Blogs > Cliopatria > Remembering Chaney, Goodman, and Schwerner ...

May 29, 2004

Remembering Chaney, Goodman, and Schwerner ...




This morning's Jackson Clarion-Ledger announces that Mississippi Attorney-General Jim Hood has asked and will get the United States Justice Department's help in re-examining evidence in the murders of James Earl Chaney, Andrew Goodman, and Michael Henry Schwerner. The inquiry will attempt to determine whether there is sufficient evidence to file new indictments in the murders of the three civil rights workers near Philadelphia, Mississippi, in 1964. Mississippi never charged anyone with murder. Fifteen people were tried on federal conspiracy charges in 1967. After three mistrials, eight people were acquitted and seven others were found guilty. No one served more than six years in prison on the federal conspiracy charges. At least two key suspects, Sam Bowers and Edgar Ray Killen are still alive. Bowers is currently serving a life sentence in prison for ordering the death of NAACP leader, Vernon Dahmer.

Meanwhile, Veterans of the civil rights movement and others will gather on 20 June at 1:00 p.m. at Mt.

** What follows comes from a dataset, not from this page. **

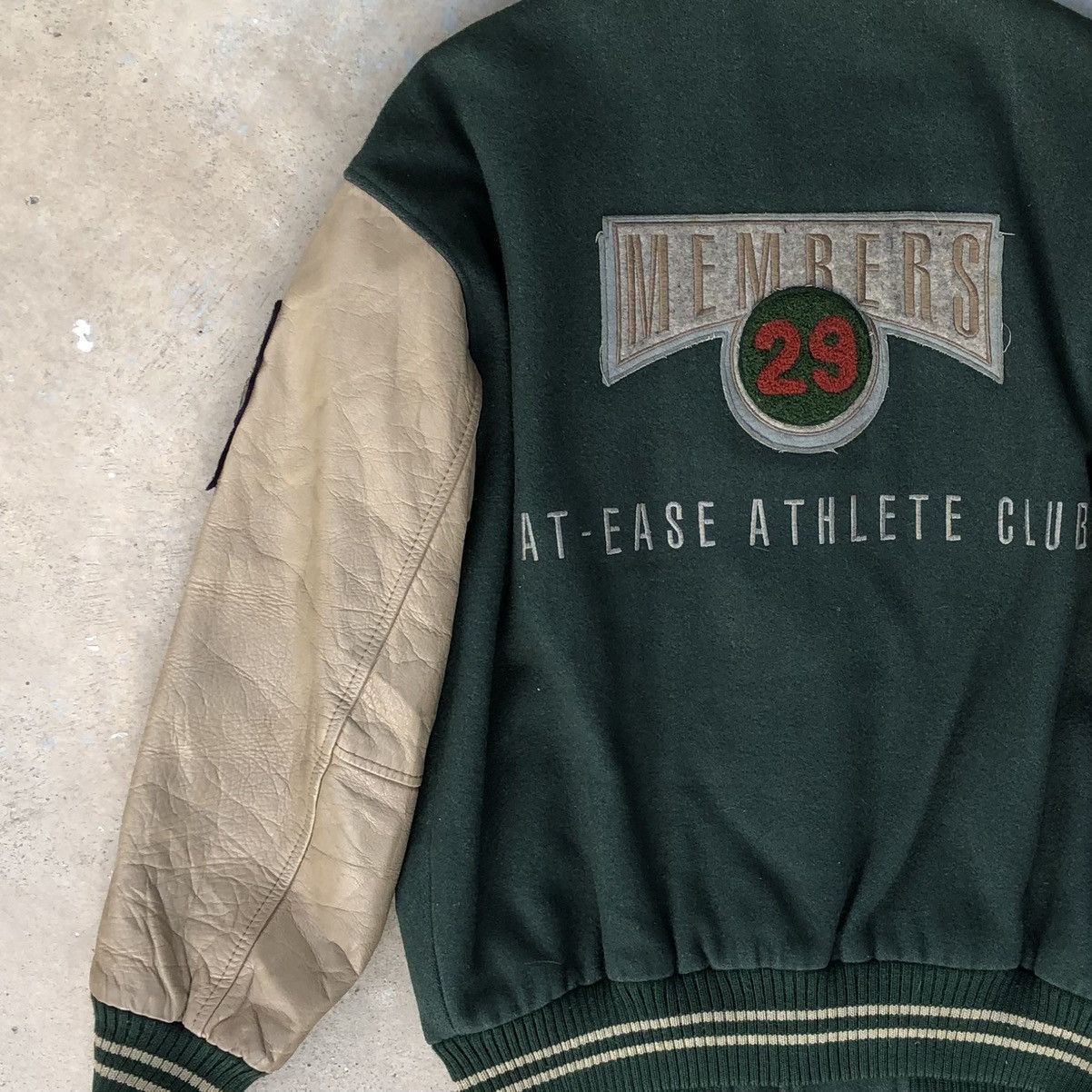 Japanese Brand Vintage at-ease Letterman Wool Leather Varsity Bomber Jacket Size US M / EU 48-50 / 2 - 2 Thumbnail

Zion Church, 1119 Road 747 in the Longdale Community east of Philadelphia, Neshoba County, Mississippi. They will mark the 40th anniversary of the deaths of Chaney, Goodman, and Schwerner, whose story is briefly told here. Sandra Adicks, D'Army Bailey, Charles Cobb, Connie Curry, Dave Dennis, Tom Hayden, Jan Hilegas, Ed King, Dorie and Joyce Ladner, Jim Loewen, Cynthia McKinney, Bob Moses, Penny Patch, Bernice Johnson Reagon, Jimmy Travis, and Hollis Watkins are among the civil rights veterans who will attend this memorial. Many of them have been calling for the federal and state inquiry into the deaths, which has just been announced.